▶ **Exercise**
Give back exactly the lines from the one containing "Used 2024 Toyota" through the end of the records, including both, and no others.

#### Supplied records ####

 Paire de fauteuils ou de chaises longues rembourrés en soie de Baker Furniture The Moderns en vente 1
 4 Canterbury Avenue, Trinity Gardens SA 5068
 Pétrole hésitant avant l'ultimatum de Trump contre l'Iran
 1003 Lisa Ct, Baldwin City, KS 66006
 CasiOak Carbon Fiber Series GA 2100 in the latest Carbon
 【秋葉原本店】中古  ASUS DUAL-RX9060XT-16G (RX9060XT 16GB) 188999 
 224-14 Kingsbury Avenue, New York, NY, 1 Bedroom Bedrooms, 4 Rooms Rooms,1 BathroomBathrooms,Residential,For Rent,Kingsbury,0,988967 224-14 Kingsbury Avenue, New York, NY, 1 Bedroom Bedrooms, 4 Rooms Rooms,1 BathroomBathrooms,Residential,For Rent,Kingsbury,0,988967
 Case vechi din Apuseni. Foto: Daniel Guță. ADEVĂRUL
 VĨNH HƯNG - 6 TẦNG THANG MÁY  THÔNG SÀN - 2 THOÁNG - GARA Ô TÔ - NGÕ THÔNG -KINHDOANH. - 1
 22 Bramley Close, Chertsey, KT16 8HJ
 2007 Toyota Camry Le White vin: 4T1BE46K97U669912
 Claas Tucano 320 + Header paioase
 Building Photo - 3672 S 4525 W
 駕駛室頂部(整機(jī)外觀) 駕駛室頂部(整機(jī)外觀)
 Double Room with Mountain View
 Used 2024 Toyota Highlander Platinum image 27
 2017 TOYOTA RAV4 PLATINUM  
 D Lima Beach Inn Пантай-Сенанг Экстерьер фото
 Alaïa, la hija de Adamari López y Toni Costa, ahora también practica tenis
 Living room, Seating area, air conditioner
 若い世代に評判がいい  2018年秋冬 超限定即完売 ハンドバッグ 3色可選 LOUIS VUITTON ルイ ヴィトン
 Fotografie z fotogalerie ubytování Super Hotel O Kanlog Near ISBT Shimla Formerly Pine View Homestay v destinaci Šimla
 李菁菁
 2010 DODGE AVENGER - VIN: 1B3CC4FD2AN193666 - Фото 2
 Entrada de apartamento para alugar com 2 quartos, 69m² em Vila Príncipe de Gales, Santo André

####

▶ **Answer for this exercise**
 Used 2024 Toyota Highlander Platinum image 27
 2017 TOYOTA RAV4 PLATINUM  
 D Lima Beach Inn Пантай-Сенанг Экстерьер фото
 Alaïa, la hija de Adamari López y Toni Costa, ahora también practica tenis
 Living room, Seating area, air conditioner
 若い世代に評判がいい  2018年秋冬 超限定即完売 ハンドバッグ 3色可選 LOUIS VUITTON ルイ ヴィトン
 Fotografie z fotogalerie ubytování Super Hotel O Kanlog Near ISBT Shimla Formerly Pine View Homestay v destinaci Šimla
 李菁菁
 2010 DODGE AVENGER - VIN: 1B3CC4FD2AN193666 - Фото 2
 Entrada de apartamento para alugar com 2 quartos, 69m² em Vila Príncipe de Gales, Santo André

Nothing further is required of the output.